What to do | Give the listing again in full and exactly, apart from its pictures.
Segment Start: Data section
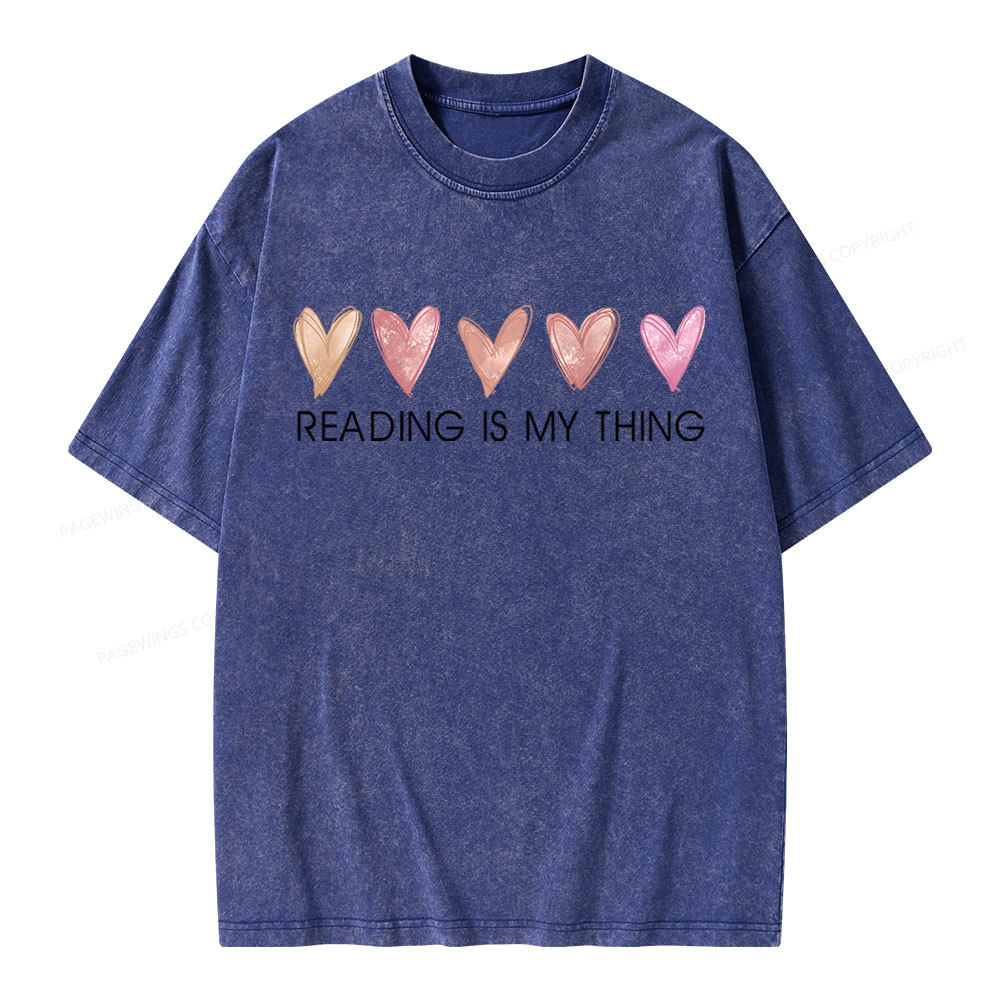 Pagewings Reading is My Thing Unisex Washed T-shirt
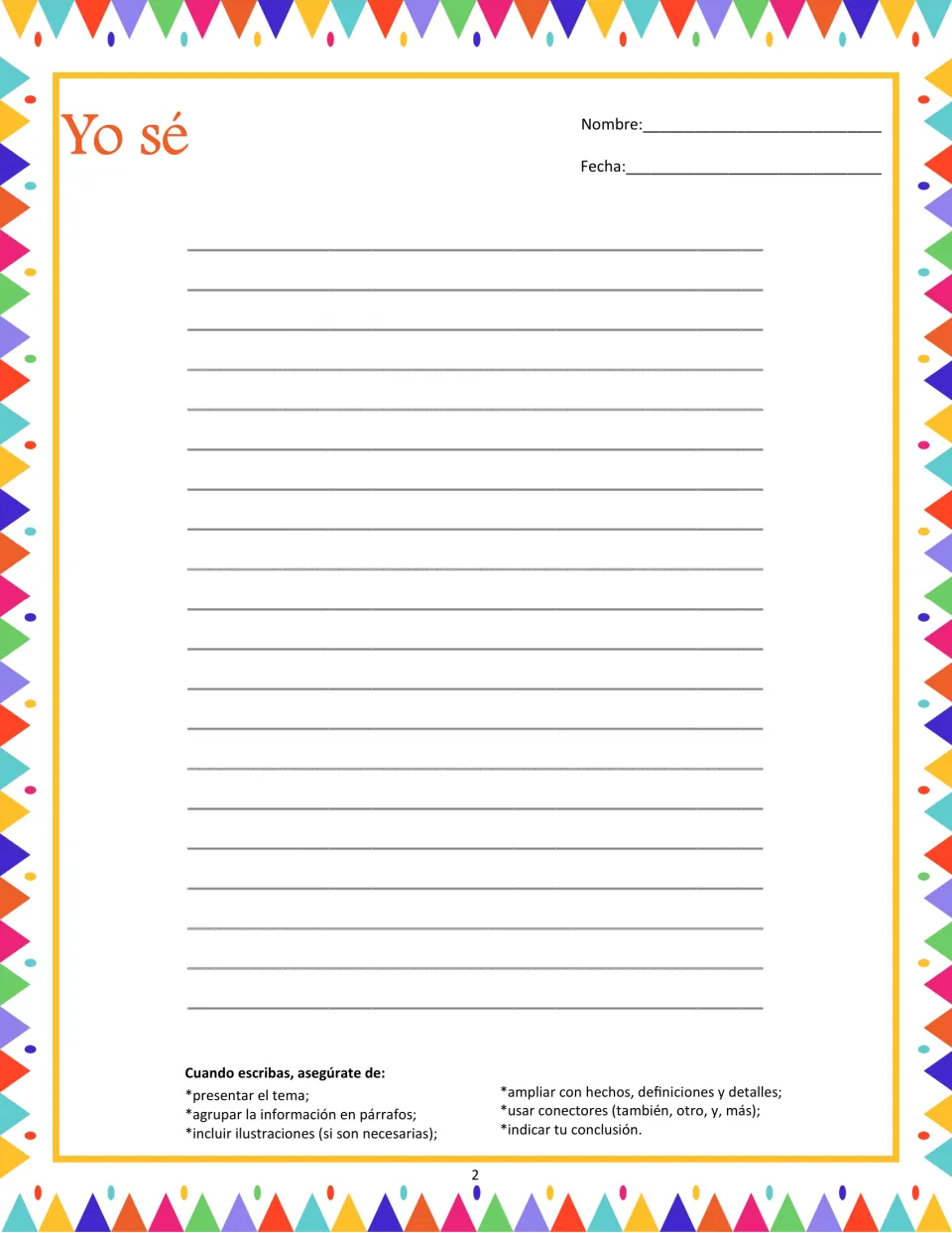 Informative article continuation includes reminders to introduce the topic, organize facts, and write a conclusion
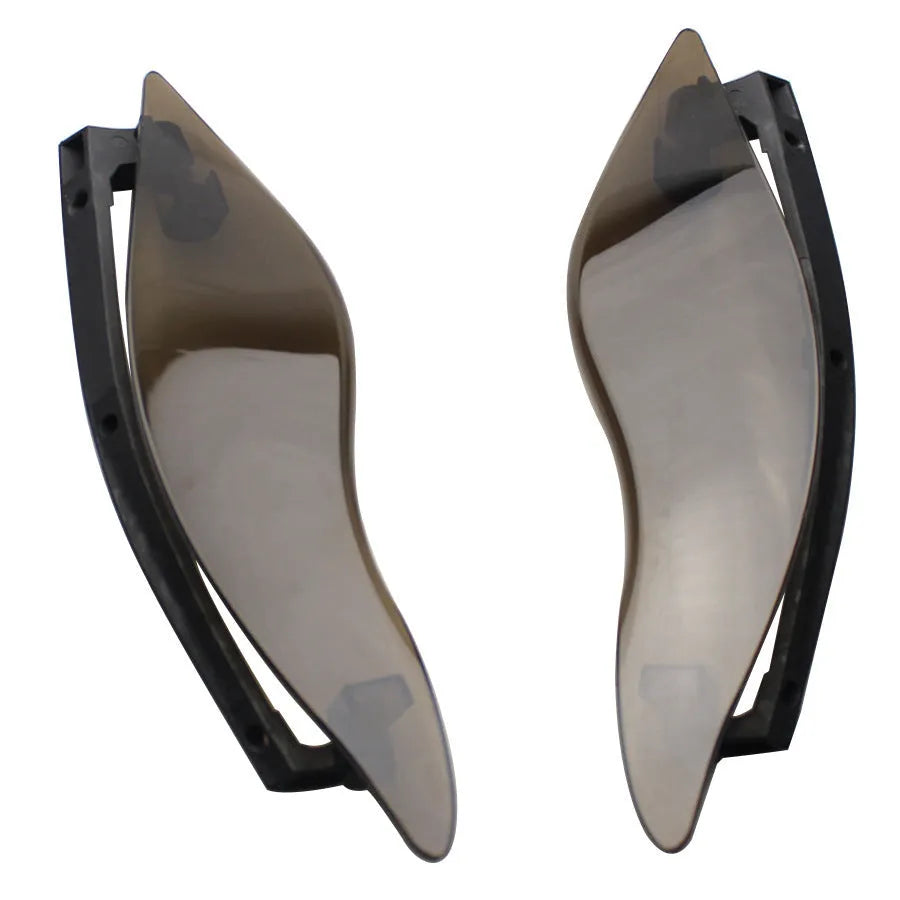 Harley Davidson trike windshield side wing kit in ABS plastic, black and smoked colour options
Segment End: Data section
Your response |
 Pagewings Reading is My Thing Unisex Washed T-shirt
 Informative article continuation includes reminders to introduce the topic, organize facts, and write a conclusion
 Harley Davidson trike windshield side wing kit in ABS plastic, black and smoked colour options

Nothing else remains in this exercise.